(Items from a dataset)

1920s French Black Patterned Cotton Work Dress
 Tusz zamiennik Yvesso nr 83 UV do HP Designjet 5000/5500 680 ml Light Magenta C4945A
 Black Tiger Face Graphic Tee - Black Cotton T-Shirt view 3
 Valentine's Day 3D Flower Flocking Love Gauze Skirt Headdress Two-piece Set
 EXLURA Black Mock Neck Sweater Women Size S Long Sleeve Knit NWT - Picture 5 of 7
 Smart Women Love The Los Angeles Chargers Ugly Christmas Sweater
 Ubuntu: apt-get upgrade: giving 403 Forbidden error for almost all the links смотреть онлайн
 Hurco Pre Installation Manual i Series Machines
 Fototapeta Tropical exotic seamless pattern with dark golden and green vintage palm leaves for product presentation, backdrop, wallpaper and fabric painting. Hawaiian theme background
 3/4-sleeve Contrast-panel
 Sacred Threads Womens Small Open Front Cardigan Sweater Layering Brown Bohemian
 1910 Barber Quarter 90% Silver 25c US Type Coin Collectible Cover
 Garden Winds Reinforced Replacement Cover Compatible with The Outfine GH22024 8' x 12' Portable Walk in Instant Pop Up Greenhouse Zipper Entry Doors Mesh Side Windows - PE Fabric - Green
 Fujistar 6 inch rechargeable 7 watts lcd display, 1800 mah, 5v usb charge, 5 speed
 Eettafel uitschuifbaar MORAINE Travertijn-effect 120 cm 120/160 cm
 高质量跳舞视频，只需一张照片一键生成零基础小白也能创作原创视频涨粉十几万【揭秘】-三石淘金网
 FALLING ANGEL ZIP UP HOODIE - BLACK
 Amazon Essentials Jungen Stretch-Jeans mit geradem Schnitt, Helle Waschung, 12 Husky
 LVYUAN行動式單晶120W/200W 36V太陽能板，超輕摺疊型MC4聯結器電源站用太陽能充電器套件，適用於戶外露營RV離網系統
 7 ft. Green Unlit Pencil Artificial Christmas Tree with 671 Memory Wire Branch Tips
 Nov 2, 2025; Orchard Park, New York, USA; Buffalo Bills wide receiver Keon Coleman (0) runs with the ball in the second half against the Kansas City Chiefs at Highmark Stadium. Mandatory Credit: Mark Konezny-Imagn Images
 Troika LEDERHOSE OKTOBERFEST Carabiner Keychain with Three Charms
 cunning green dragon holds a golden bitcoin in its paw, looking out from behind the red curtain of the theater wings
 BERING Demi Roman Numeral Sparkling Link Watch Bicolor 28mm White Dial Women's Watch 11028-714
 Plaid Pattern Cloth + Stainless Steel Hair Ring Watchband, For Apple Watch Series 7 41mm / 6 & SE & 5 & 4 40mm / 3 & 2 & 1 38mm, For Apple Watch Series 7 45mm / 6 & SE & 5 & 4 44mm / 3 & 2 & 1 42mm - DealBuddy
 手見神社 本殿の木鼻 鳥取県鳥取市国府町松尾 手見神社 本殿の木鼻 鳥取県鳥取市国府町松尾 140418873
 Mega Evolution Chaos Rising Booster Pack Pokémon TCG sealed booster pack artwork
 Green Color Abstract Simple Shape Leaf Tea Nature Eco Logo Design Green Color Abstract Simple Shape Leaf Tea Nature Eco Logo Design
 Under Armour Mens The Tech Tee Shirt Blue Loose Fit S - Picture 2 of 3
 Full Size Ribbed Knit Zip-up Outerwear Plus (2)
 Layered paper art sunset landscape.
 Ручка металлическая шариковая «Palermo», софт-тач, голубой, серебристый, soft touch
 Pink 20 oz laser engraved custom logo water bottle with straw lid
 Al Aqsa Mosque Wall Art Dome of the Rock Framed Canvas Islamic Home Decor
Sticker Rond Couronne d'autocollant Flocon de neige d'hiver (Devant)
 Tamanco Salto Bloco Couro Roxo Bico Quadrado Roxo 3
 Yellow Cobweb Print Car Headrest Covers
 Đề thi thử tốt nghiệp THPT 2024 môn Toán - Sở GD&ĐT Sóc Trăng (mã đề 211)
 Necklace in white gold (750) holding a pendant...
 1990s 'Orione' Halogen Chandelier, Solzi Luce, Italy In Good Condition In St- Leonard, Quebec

= Work request =
All that is wanted is the stretch of lines above from the one containing "Plaid Pattern Cloth" through the one containing "Mega Evolution Chaos", duplicated exactly.

= Problem solution =
 Plaid Pattern Cloth + Stainless Steel Hair Ring Watchband, For Apple Watch Series 7 41mm / 6 & SE & 5 & 4 40mm / 3 & 2 & 1 38mm, For Apple Watch Series 7 45mm / 6 & SE & 5 & 4 44mm / 3 & 2 & 1 42mm - DealBuddy
 手見神社 本殿の木鼻 鳥取県鳥取市国府町松尾 手見神社 本殿の木鼻 鳥取県鳥取市国府町松尾 140418873
 Mega Evolution Chaos Rising Booster Pack Pokémon TCG sealed booster pack artwork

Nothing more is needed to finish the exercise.